Mainers from across the state braved icy temperatures and gathered outside Whole Foods in Portland on Monday afternoon to protest the nation-wide, upscale supermarket’s decision to “pause” its purchasing of Maine lobster. This effective boycott of Maine’s best-known export strikes at the livelihoods of over 5,000 Mainers directly employed in the lobster-fishery as well as thousands more on the processing and distribution ends of the business.
Last week, the Maine Wire reported that Republicans in the state legislature are looking at ways to punish the company for its slap in the face to the state that hosts one of its stores in Portland. Often, businesses that are seen as desirable are afforded tax breaks and other incentives to come to Maine, and legislators are reviewing ways to send a message to the company after it buckled under pressure from the London-based Marine Stewardship Council and the Monterey, California-based Seafood Watch, both of which recently “red-listed” Maine lobster and alleged that the fishery is non-sustainable.

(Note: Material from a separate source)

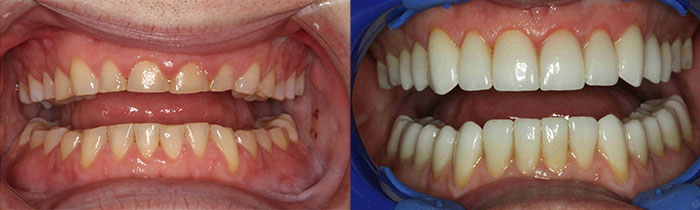 before and after short teeth treatment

“The Maine lobster industry is the gold-standard of sustainability,” House Minority Leader Billy Bob Faulkingham (R-Winter Harbor) said in addressing the demonstrators. A lobsterman since the age of three, Faulkingham called the allegations that lobster-fishing threatens the endangered right whale “totally false,” and stated that the right whale population has actually grown in recent years.

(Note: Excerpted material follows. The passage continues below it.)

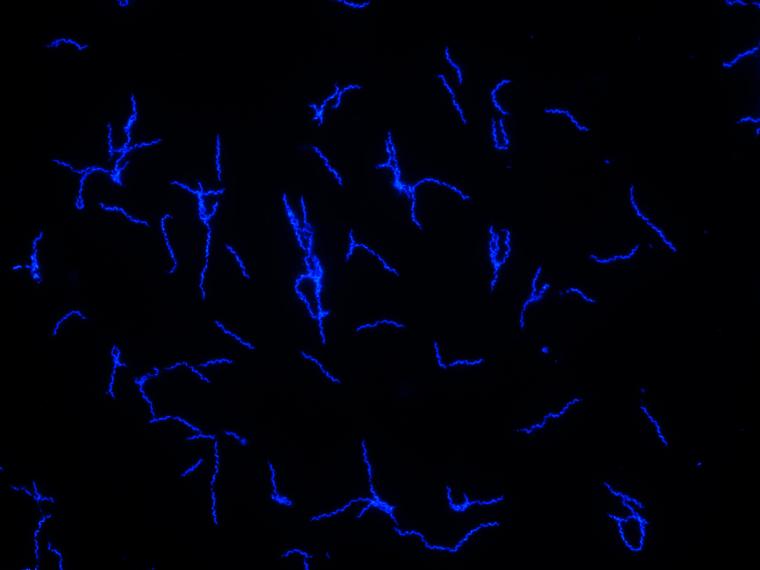 Der blau fluoreszierende Erreger Borrelia recurrentis in Kultur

Together with Faulkingham, representatives Dick Campbell (R-Orrington and Bucksport), Dick Bradstreet (R-Vassalboro), Jim Thorne (R-Carmel), Jack Ducharme (R-Madison), and others joined the protest and spoke briefly about the disastrous impact bans like Whole Foods – coupled with actions by federal regulators like the National Oceanographic and Atmospheric Administration (NOAA) to restrict where, when and how lobstermen can fish – will have on small business around the state.
“There has not been an entanglement of a right whale in lobster gear since 2004, and even then the whale was released without harm,” rally organizer Gina LeDuc-Kuntz said, adding “I’m not sure there has been a single whale killed by Maine lobstermen ever.” Like Faulkingham and other speakers, LeDuc-Kuntz pointed out that the underlying pretexts for banning and otherwise shutting down the iconic fishery appear to be manufactured.

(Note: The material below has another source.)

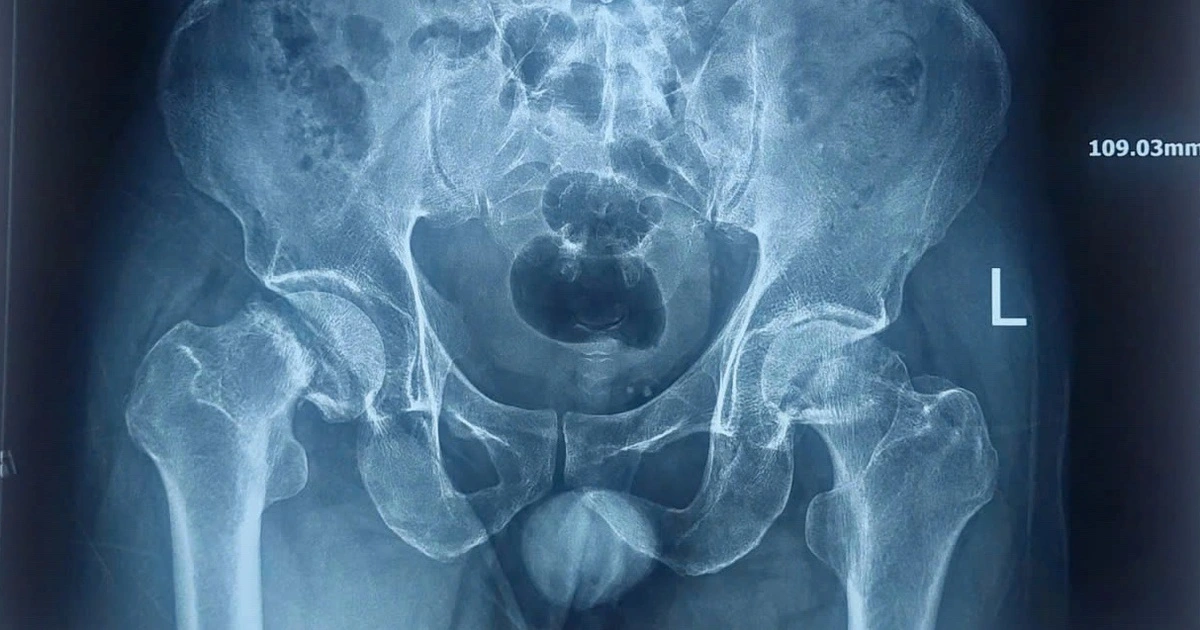 Dau Khop Hang 2 17731361887231891690768 0 12 758 1225 Crop 17731367803521565384579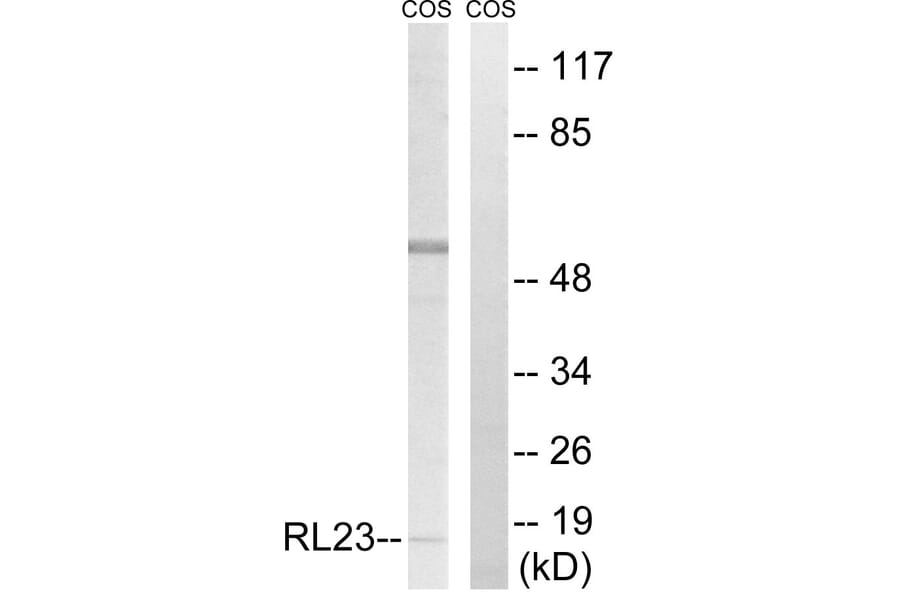 Western Blot - Anti-RPL23 Antibody (C14159) - Antibodies.com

Several young men also entering the trade spoke at the rally, and said they are harming no one and their future is at stake.
Rally participants also paraded through downtown Portland, where many passers-by honked, waved or gave thumbs-up in support. Faulkingham and Thorne recently traveled to Washington, DC to urge U.S. Sen. Susan Collins (R-ME) to defend the industry from what is increasingly looking like a war on lobster by environmental extremists and their sympathizers in the federal bureaucracy.
Two weeks ago, President Joe Biden hosted his French counterpart Emmanuel Macron to a state dinner at the White House where Maine lobster was served. Jared Golden (D-ME), the Second District congressman called the move hypocritical and said the president ought to meet face-to-face with the lobstermen whose lives his administration is destroying.